Packages accepted into -proposed as per the SRU process automatically trigger related autopkgtests, similarly to how it happens for the development series. Once those tests are finished, the pending SRU page provides links to any failures that have been noticed for the selected upload. The responsibility of the SRU driver (and/or the person performing update verification) is to make sure the upload does not cause any regressions—both in manual and automated testing.

In the case where an SRU upload triggers an autopkgtest regression, the target package will not be released into -updates until the failure is resolved. There are a few ways that can happen:

  • If the reported autopkgtest regression is a real regression caused by the upload, the update should be considered verification-failed and the package should be re-uploaded with the regression fixed. Otherwise the update will be removed from -proposed as per the usual procedures.
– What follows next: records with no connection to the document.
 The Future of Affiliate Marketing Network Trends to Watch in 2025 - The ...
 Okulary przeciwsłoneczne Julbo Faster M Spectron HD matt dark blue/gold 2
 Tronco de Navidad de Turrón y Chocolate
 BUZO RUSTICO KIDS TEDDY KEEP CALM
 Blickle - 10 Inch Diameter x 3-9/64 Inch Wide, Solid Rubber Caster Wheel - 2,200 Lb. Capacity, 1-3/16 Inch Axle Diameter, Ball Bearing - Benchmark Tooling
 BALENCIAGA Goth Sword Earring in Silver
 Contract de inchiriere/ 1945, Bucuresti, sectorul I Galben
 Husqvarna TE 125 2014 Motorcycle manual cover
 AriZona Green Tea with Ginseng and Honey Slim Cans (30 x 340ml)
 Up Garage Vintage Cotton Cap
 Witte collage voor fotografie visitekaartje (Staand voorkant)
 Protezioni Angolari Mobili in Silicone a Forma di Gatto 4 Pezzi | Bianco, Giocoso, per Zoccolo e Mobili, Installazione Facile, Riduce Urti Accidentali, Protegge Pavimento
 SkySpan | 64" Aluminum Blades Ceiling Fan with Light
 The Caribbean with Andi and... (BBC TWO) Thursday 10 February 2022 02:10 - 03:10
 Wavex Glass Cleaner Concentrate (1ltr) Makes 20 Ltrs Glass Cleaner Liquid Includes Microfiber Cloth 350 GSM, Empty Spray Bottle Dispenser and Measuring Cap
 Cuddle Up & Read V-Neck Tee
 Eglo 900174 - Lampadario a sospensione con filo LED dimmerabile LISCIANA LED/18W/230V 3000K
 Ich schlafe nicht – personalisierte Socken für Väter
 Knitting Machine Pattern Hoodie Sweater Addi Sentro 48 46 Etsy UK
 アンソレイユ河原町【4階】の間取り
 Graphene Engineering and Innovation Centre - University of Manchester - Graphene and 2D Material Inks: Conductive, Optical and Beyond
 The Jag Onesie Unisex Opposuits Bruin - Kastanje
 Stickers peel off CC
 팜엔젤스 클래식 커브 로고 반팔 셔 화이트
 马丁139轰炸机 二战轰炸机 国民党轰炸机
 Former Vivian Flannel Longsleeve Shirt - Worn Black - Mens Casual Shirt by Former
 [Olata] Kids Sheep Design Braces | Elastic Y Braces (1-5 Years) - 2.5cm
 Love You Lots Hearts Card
  • If the reported autopkgtest regression is not a real regression or not a regression caused by the proposed update (but instead broken by some other dependency), the analysis of this has to be documented for the SRU team. The generally recommended way is commenting on one of the SRU bugs for the upload. Once the rationale is submitted and approved/validated by an SRU member, the SRU team will add a badtest or reset-test hint for the broken package and release the update as per usual procedures (once validation and aging is complete). Alternatively, the uploader/verifier can modify the hints and provide an MP in the bug along with the rationale. Useful input here can be re-running the failing test against only the release/updates pocket, as documented in the ProposedMigration wiki page.

  • If the reported autopkgtest regression is the result of a flaky test, the uploader can try re-running the test to see if it is indeed just a transient issue. If the issue still persists but the analysis clearly shows that it is not a real regression, a rationale for that should be provided in one of the SRU bugs.

It is important to remember that firstly it is the uploader’s responsibility to make sure the package is in a releasable state and that all the autopkgtests triggered by the upload are either passing or badtested. Of course, it is not the uploader’s responsibility to provide the hints for badtests themselves, but it is it’s responsibility to perform the analysis and verification of each listed regression.

Expected resolution for reported autopkgtest failures

If an SRU did not cause a regression, the update is intended to land but autopkgtest regressions are still found, then the possible resolutions for this situation are as follows:

  • An SRU must not be released if outstanding autopkgtest regressions are reported on the Pending SRU Report.

  • Ideally regressions can be fixed with new uploads to the proposed pockets as required. Fixes for autopkgtests are generally always acceptable. However uploads providing only test fixes will generally be staged using block-proposed-<series> (in which case they need a bug reference).

  • A regression not caused by the SRU may be badtest or reset-tested away (doesn’t matter which for SRUs).

See also: How-to → Handle an autopkgtest failure.

Phasing

Once a package is released to -updates, the update is then phased so that the update is gradually made available to expanding subsets of Ubuntu users. This process allows us to automatically monitor for regressions and halt the update process if any are found. Complete details about the process can be found in a blog post by Brian Murray.

The Phased-Update-Percentage is initially set to 10%, then a job is run (every 6 hours) that checks for regressions and if none are found the phased update percentage will be incremented by 10%. So an update will become fully phased after 54 hours or about 2 days. In the event that a regression is detected the Phased-Update-Percentage will be set to 0% thereby causing supported package managers (update-manager) not to install the update.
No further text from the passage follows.